LLM Reasoning for Machine Translation: Synthetic Data Generation over Thinking Tokens
Armel Zebaze, Rachel Bawden, Benoît Sagot
TL;DR
This work systematically evaluates whether intermediate reasoning tokens (thinking traces) improve machine translation with large language models. It finds that generic thinking prompts do not enhance MT performance and that CoT distillation generally underperforms standard fine-tuning, while MT-specific prompting strategies can yield gains when their traces include translation attempts. The strongest improvements arise from traces that reflect drafting and translation efforts, yet the most reliable gains come from improving target translations and expanding parallel data rather than distilling CoT explanations. Overall, parallel data quality and quantity dominate MT performance, with reasoning traces offering limited, context-dependent benefits.
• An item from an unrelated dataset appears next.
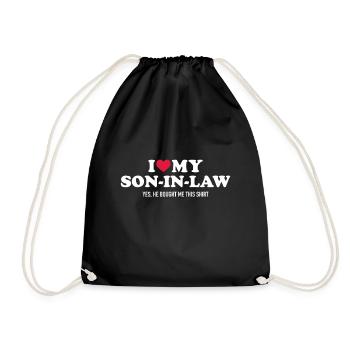 I love my son-in-law for father-in-law - Drawstring Bag - black - Front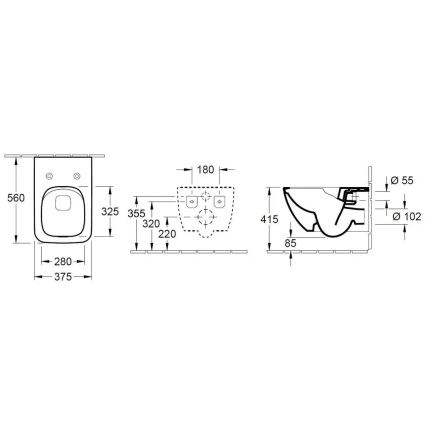 Villeroy & Boch 4611RSR1 - Væghængt WC med SoftClose-sæde VENTICELLO keramik/hvid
The findings advise focusing on high-quality translations and data augmentation over enforcing explicit thinking in MT models.
Abstract
Large reasoning models (LRMs) have led to new possibilities in terms of problem-solving, through the devising of a natural language thought process prior to answering a query. While their capabilities are well known across mathematics and coding tasks, their impact on the task of machine translation (MT) remains underexplored. In this work, we explore the benefits of the generation of intermediate tokens when performing MT across multiple language pairs of different levels of resourcedness and multiple setups. We find that "thinking tokens" do not help LRMs better perform MT. This result generalizes to models fine-tuned to reason before translating using distilled chain of thought (CoT) inspired by human translators' practices. Specifically, fine-tuning a model with synthetic CoT explanations detailing how to translate step-by-step does not outperform standard input-output fine-tuning. However, constructing the intermediate tokens by combining the outputs of modular translation-specific prompting strategies results in improvements. Our findings underscore that the contribution of intermediate tokens during fine-tuning highly depends on the presence of translation attempts within them. More broadly, our results suggest that using a teacher to refine target translations or to expand parallel corpora is more impactful than distilling their CoT explanations into "thinking" MT models.